Ainsi, selon qu’il y ait ou non un texte spécial applicable à la situation factuelle, la Cour de cassation appliquera l’article 10 de la Convention européenne des droits de l’homme, et fera primer ou limitera l’exercice de la liberté d’expression. Selon les cas, cette différence de traitement se fera au profit ou au détriment de l’intérêt des personnes s’estimant lésées.
Takoua BEN GARA
Master 1 Droit des affaires
Université d’Evry Val d’Essonne
[1] Cass., Civ. 1ère, 16 mai 2013, FS-P+B+I, nº 12-19.783 : obs. Sabrina Lavric sur Dalloz actualités.
[2] Article 1er de la loi du 29 juillet 1881 sur la liberté de la presse : « L’imprimerie et la librairie sont libres ».
[3] Conseil Constitutionnel dans sa décision Entreprises de presse des 10-11 Octobre 1984 (n° 84-181 DC).
[4] Article 29 de la loi du 29 juillet 1881 : « Toute allégation ou imputation d’un fait qui porte atteinte à l’honneur ou à la considération de la personne ou du corps auquel le fait est imputé est une diffamation. La publication directe ou par voie de reproduction de cette allégation ou de cette imputation est punissable, même si elle est faite sous forme dubitative ou si elle vise une personne ou un corps non expressément nommés, mais dont l’identification est rendue possible par les termes des discours, cris, menaces, écrits ou imprimés, placards ou affiches incriminés. Toute expression outrageante, termes de mépris ou invective qui ne renferme l’imputation d’aucun fait est une injure ».
[5] Article 35bis de la loi du 29 juillet 1881.

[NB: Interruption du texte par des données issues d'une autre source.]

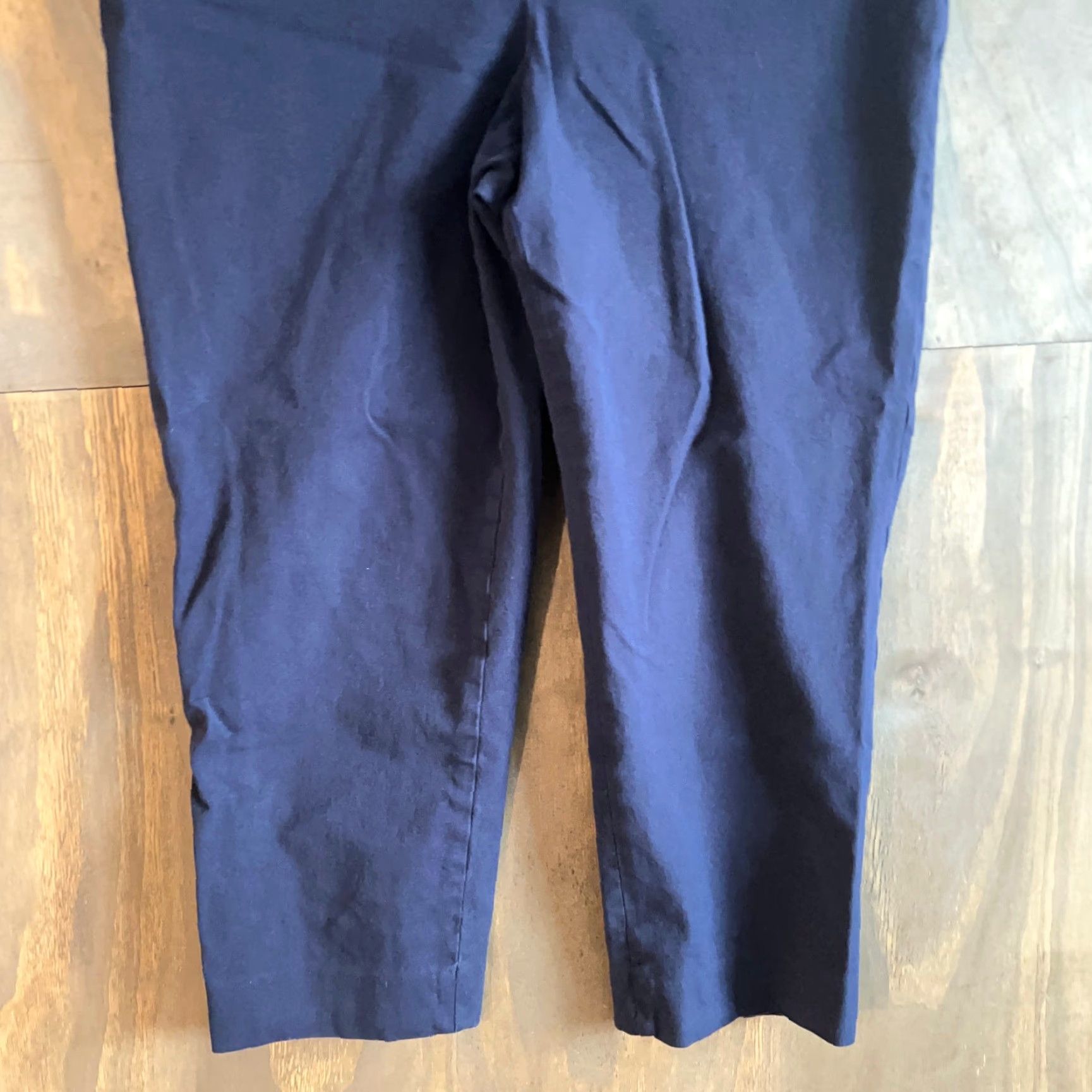 Talbots Talbots Navy Blue High Rise Chatham Crop Pants Side Zip Stretch 14 Women’s Workwear Casual Formal Cropped Plus Inseam 22 in 35 in Waist Size 36" / US 14 / IT 50 - 3 Thumbnail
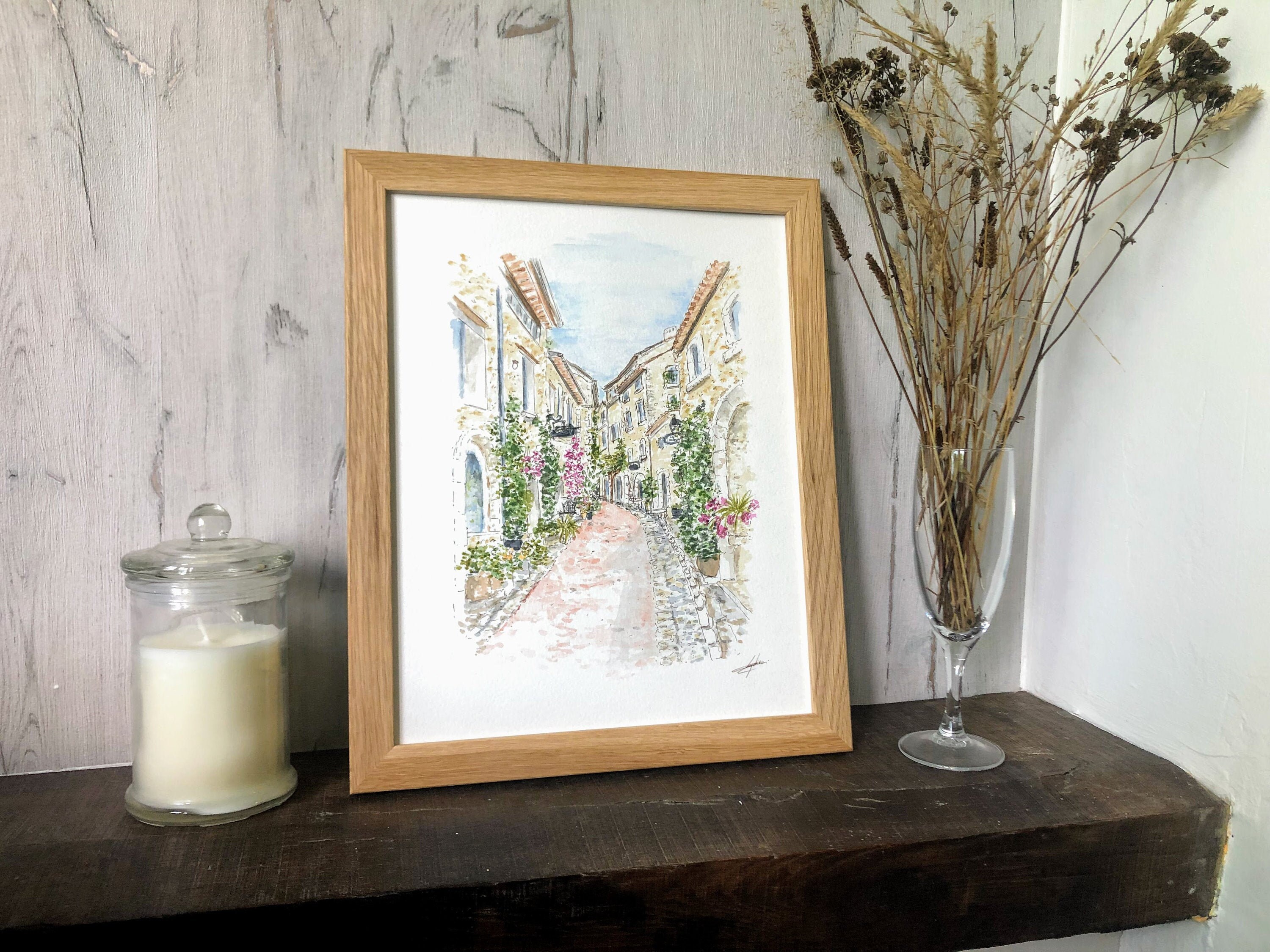 Tableau Peinture Saint-Paul de Vence Originale, Oeuvre d'art Village France Peinte à La Main, Encre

[6] Article 10.2 de la CEDH : « L’exercice de ces libertés comportant des devoirs et des responsabilités peut être soumis à certaines formalités, conditions, restrictions ou sanctions prévues par la loi, qui constituent des mesures nécessaires, dans une société démocratique, à la sécurité nationale, à l’intégrité territoriale ou à la sûreté publique, à la défense de l’ordre et à la prévention du crime, à la protection de la santé ou de la morale, à la protection de la réputation ou des droits d’autrui, pour empêcher la divulgation d’informations confidentielles ou pour garantir l’autorité et l’impartialité du pouvoir judiciaire ».
[7] Article 35 de la loi du 29 juillet 1881.
[8] Conseil Constitutionnel, Décision n° 2011-131 QPC du 20 mai 2011.
[9] Cass., Civ. 1ère, 10 avril 2013, FS-P+B+I, n° 12-10.107 : obs. Sabrina Lavric sur Dalloz actualités.
Pour aller plus loin : le Conseil Constitutionnel a rendu une décision allant à l’encontre de cet arrêt, le 7 juin 2013 (décision n° 2013-319 QPC). Ainsi, les Sages ont décidé que l’interdiction de prouver des faits amnistiés pour échapper à la diffamation, est inconstitutionnelle. La liste des limitations de l’exception de vérité se voit de nouveau réduite, au profit d’une protection plus accrue de la liberté d’expression. Les juges de la rue Montpensier coupent court à une jurisprudence protectrice de l’intérêt des personnes amnistiées, à qui il est rappelé que même si leur peine a été oubliée par l’Etat, les faits demeurent et ne pourront jamais s’effacer de leur vie publique.